The group would put ‘‘fresh eyes'' on where, when, and hopefully why, serious crashes happened, Environment Southland senior transport planner Russell Hawkes said.

‘‘It will try and take a new approach to reducing the statistics.''

Southland and Otago already had safety implementation groups made up mainly of transport planners and engineers from councils and the New Zealand Transport Agency (NZTA), he said.

The new group had been widened to include others in the community who could influence road safety outcomes, such as representatives from major transport companies like HW Richardson Group and Fonterra.

‘‘Their drivers are on the road all the time. What are they seeing? What are the driver behaviours or engineering issues which have the potential to cause accidents?

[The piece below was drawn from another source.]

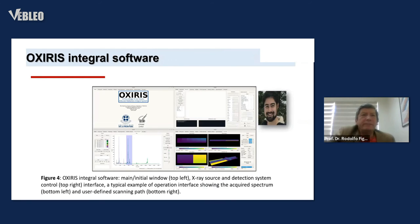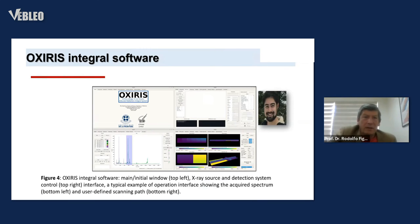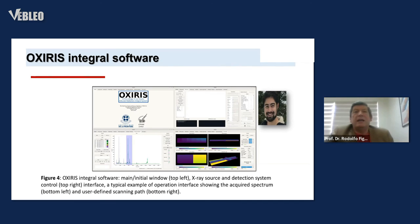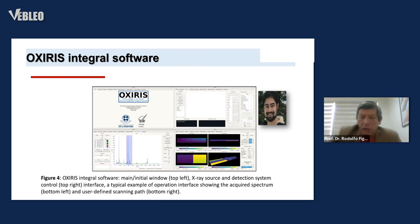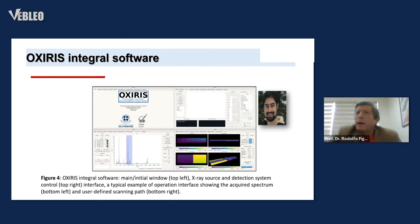The OXIRIS integral software — main interface showing the control system and detection system. A typical example of the operation interface shows the acquired spectrum and user-defined scanning parameters. This is the control software for our project, with Brian as the main contributor to this part of the project.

‘‘Unsafe passing is a likely factor and it could be as simple as putting in no-passing lines [where they are needed].''

For the past 18 months, the Otago and Southland regional transport committees have been holding joint meetings, although they have not formally merged yet.

The new group had come out of discussions at those meetings, he said.

Mr Hawkes said while the name of the new group was the Southland Road Safety Influencing Group, it would also cover the Queenstown-Lakes and Clutha district areas, ‘‘basically, all of Otago and Southland excluding Dunedin city''.

The membership had been confirmed. The group would meet for the first time next month and about four times a year after that. Recommendations for education and engineering improvements would be reported to the regional transport committees.

Mr Hawkes said Southland experienced a ‘‘bump'' year for fatalities and serious injury road crashes in 2009-10, with 13 fatalities and 93 people injured.

Since then, the number of fatalities had remained steady while the number of people seriously injured was declining slowly.

The total was ‘‘moving in the right direction'', he said.

‘‘Yes, we are on the right track. But we are still not making as much progress as we would like.''

The Otago figures showed more variation, with between 12 and 19 fatalities annually in the six years to the middle of last year and an average of 170 serious injuries.